As mentioned above, I formerly led the BI team, but what I did not mention is that in fact Growth was initially subsumed as a subfunction of BI. In the early days of our product development lifecycle, this was done because we were effectively responsible for the analytical aspects of Growth, while the implementation was largely carried out by the Product team. Furthermore, DS was a much smaller function earlier on in our organizational evolution because, in effect, most of the decisions that are now driven by machine learning-based models were made by more heuristics-based rules created by the BI team in the beginning. However, as the business requirements matured, the need for increased accuracy and precision in our decisions grew, hence the increased scope and size of DS as a function. In most FinTech startups, DS will be a mission-critical function, especially as it pertains to credit scoring/underwriting, but it won’t necessarily be the case across all organizations. Generally speaking, when I reflect on how organizations should think about BI vs DS teams and what roles they should play in their operations, I often come back to the analogy from the medical industry…
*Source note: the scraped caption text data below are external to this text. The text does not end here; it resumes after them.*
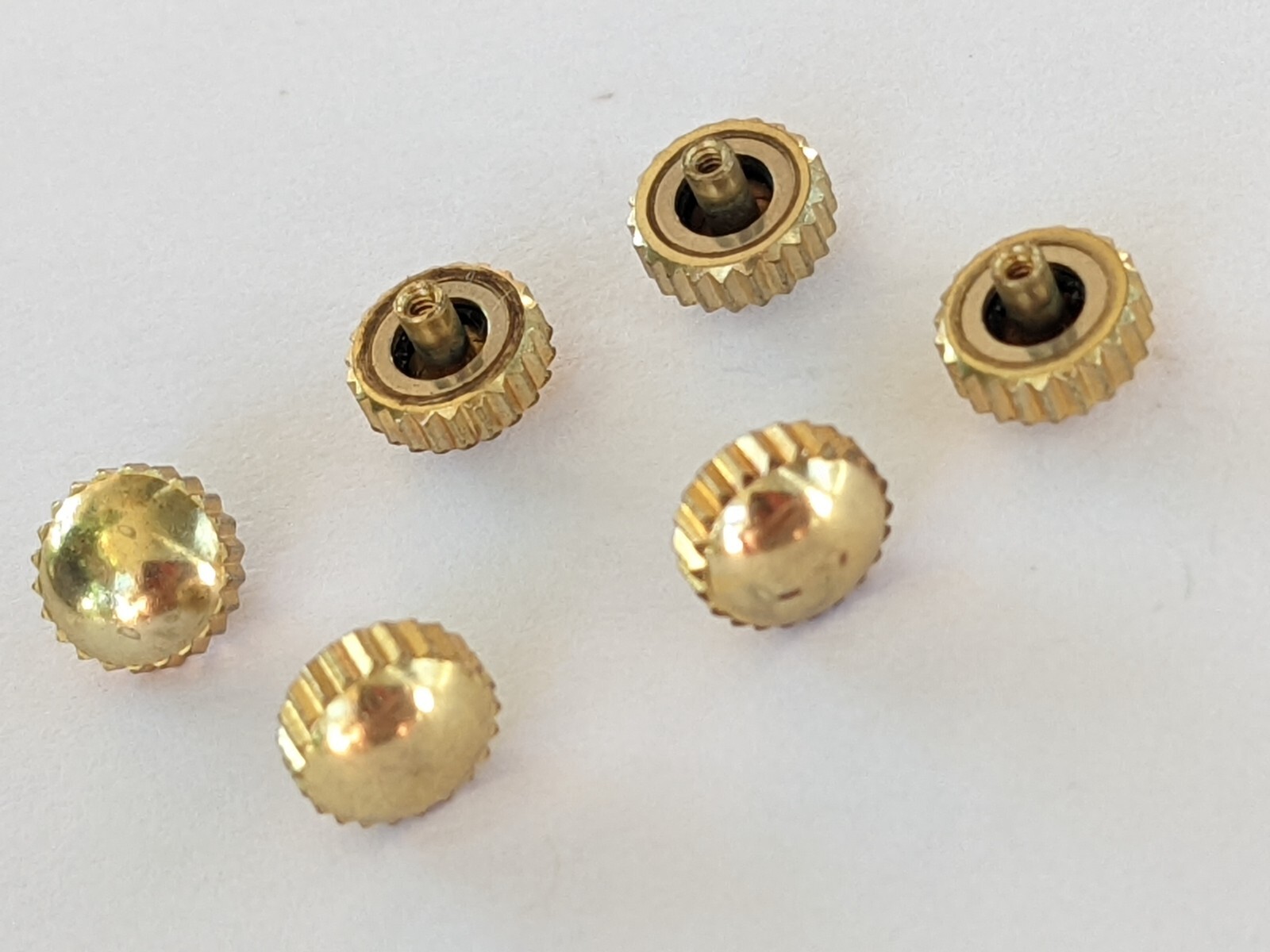 Waterproof crown diam. 5.25mm, tap 0.90mm, tube 2.50mm Chrome or Gilt x 6 pcs
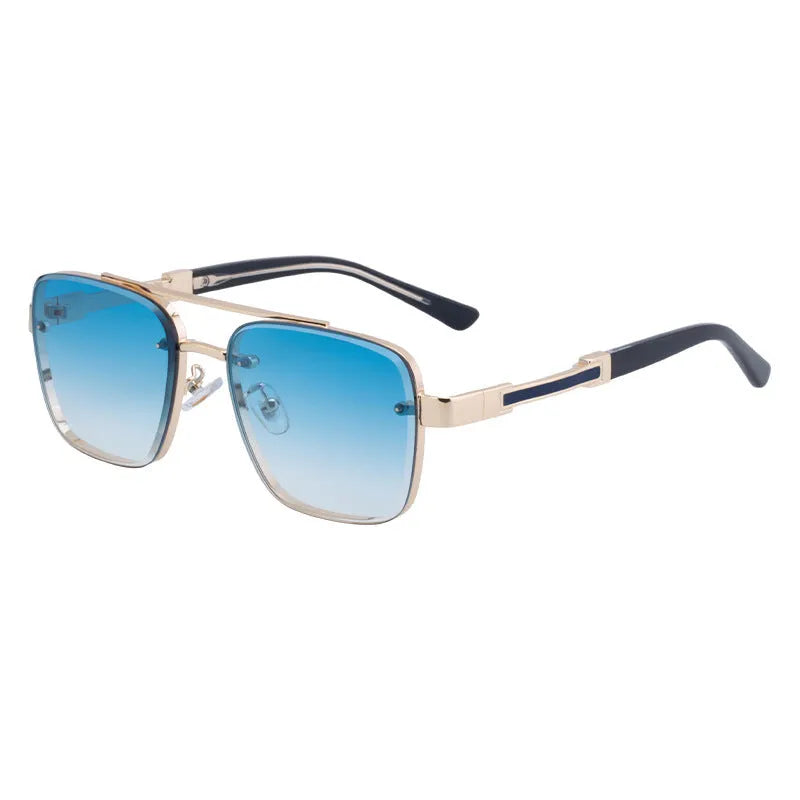 Men's vintage sunglasses with UV400 protection in gold double grey colour with PC frames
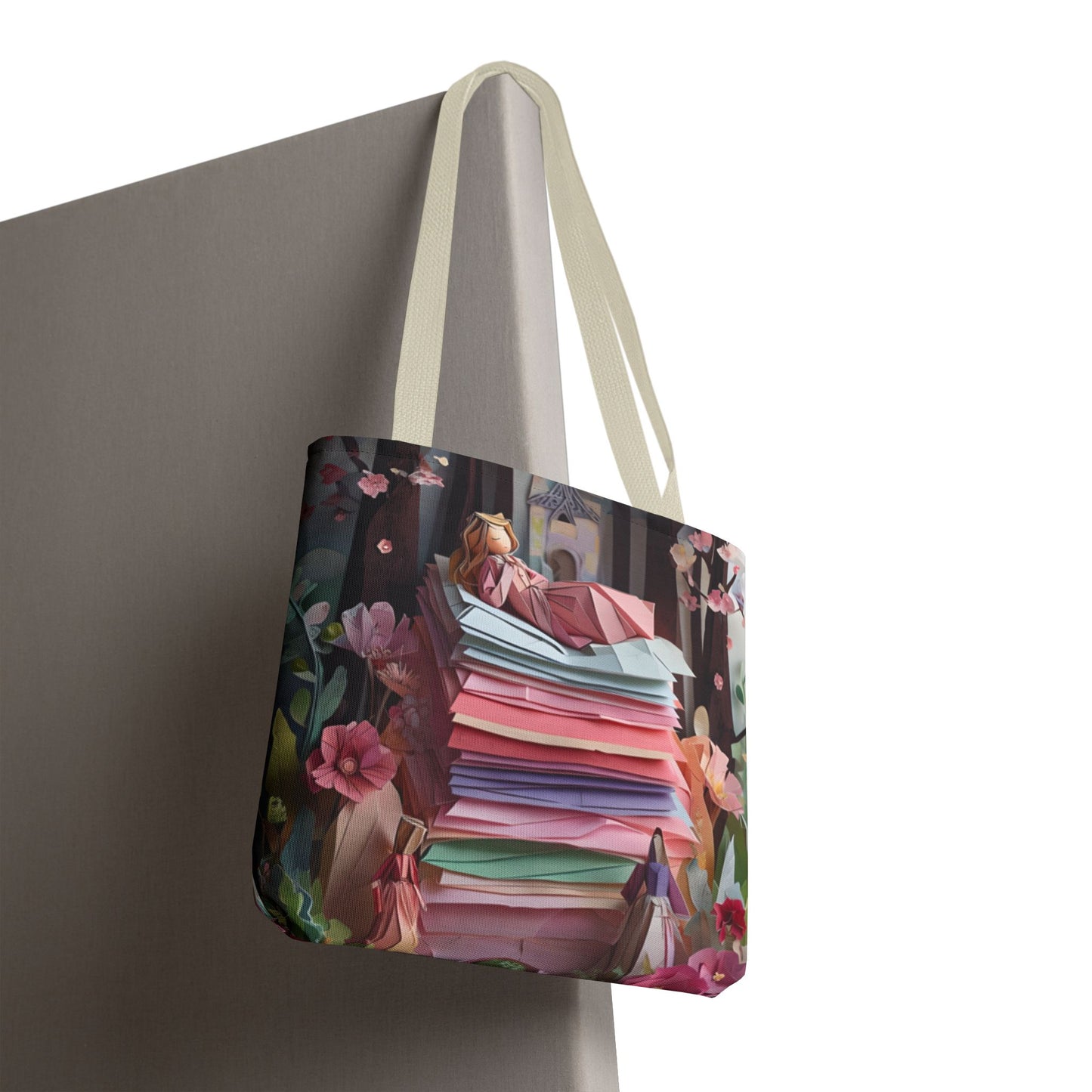 A Good Night's Sleep canvas tote bag hanging with colorful layered fabric-inspired design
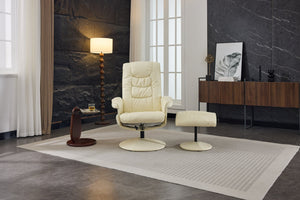 English Elm 090-massage Reclining Lounge Chair with Ottoman Swivel Pu Leather Heated Vibration Seat Beige W527P510529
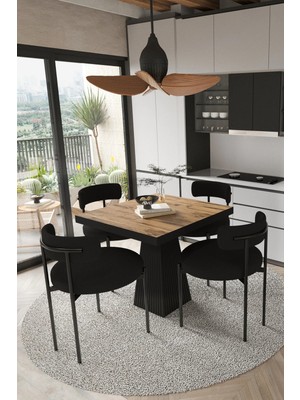 Trendy Asel Lago Siyah Lake Mdf Ayak 80X80 Yemek Masası Mutfak Masası 4 Kişilik Masa Takımı Teddy Sandalye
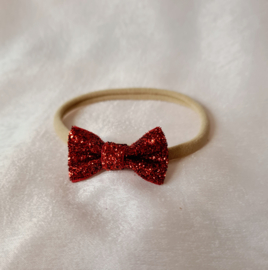 Haarbandje Mini Strikje - Red Glitter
BI is like a general practitioner in that they take the vitals of their patient (the business) in order to diagnose some illness (business problem), have some limited ways of treating said illness but ultimately can refer them to a specialist/surgeon if the problem is out of their technical scope; DS is the aforementioned specialist/surgeon, deep-diving into specific issues with life-saving precision. With respect to this analogy, I guess this makes Growth the medical lab scientist, conducting experimental research to develop treatments that can be greenlit for broader application.
With that final analogy, I hope that this post can help to clarify the purpose of a Growth team and articulate the rationale for having a Growth team in your respective organization.